### What you have to do
Starting at the top of the entries below, set down each line exactly as written, and stop after the line containing "Shaped Fit No".

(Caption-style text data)

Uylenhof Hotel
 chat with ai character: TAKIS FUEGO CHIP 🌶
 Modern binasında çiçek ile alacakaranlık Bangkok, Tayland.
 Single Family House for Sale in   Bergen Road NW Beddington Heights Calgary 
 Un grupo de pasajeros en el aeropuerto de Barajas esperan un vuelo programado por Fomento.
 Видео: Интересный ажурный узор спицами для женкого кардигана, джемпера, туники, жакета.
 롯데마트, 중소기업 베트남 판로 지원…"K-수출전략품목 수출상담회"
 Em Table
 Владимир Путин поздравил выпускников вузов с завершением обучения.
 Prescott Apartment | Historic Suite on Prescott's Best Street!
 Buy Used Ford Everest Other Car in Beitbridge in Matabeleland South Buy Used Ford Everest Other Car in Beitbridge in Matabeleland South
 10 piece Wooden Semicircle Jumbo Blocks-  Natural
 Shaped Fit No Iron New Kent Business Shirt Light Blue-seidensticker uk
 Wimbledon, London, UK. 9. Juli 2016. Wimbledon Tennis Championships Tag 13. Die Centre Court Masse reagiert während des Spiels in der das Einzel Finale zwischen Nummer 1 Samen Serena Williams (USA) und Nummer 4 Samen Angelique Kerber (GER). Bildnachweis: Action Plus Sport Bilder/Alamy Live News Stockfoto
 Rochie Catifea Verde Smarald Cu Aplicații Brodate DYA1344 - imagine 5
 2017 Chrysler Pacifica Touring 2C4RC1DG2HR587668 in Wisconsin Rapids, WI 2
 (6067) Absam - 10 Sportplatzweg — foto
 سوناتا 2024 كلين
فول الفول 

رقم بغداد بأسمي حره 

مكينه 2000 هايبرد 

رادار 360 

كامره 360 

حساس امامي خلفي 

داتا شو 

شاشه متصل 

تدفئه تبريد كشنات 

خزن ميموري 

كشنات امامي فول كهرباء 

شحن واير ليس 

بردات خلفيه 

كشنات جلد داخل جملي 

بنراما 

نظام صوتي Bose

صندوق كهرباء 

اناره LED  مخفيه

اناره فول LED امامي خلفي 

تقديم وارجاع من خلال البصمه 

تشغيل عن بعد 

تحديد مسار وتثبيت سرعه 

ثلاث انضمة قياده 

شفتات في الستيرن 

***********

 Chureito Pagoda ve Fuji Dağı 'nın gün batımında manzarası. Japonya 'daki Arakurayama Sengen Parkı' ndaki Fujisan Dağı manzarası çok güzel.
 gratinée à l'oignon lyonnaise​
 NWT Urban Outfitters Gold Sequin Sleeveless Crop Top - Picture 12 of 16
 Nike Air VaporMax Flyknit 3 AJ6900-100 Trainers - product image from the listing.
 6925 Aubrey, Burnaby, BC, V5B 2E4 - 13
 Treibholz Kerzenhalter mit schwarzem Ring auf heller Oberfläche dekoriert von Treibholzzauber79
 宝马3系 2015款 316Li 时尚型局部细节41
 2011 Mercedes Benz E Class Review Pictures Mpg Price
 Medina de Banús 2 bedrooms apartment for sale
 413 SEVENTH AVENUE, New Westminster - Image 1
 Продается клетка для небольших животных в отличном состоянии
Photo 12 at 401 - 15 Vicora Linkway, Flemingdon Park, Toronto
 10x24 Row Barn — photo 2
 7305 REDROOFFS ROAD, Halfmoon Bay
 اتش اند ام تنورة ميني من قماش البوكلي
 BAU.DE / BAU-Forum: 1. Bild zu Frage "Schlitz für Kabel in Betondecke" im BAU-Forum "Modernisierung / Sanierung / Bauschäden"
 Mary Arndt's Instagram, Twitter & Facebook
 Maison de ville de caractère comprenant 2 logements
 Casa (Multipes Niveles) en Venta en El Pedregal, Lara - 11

### Solution for this problem
Uylenhof Hotel
 chat with ai character: TAKIS FUEGO CHIP 🌶
 Modern binasında çiçek ile alacakaranlık Bangkok, Tayland.
 Single Family House for Sale in   Bergen Road NW Beddington Heights Calgary 
 Un grupo de pasajeros en el aeropuerto de Barajas esperan un vuelo programado por Fomento.
 Видео: Интересный ажурный узор спицами для женкого кардигана, джемпера, туники, жакета.
 롯데마트, 중소기업 베트남 판로 지원…"K-수출전략품목 수출상담회"
 Em Table
 Владимир Путин поздравил выпускников вузов с завершением обучения.
 Prescott Apartment | Historic Suite on Prescott's Best Street!
 Buy Used Ford Everest Other Car in Beitbridge in Matabeleland South Buy Used Ford Everest Other Car in Beitbridge in Matabeleland South
 10 piece Wooden Semicircle Jumbo Blocks-  Natural
 Shaped Fit No Iron New Kent Business Shirt Light Blue-seidensticker uk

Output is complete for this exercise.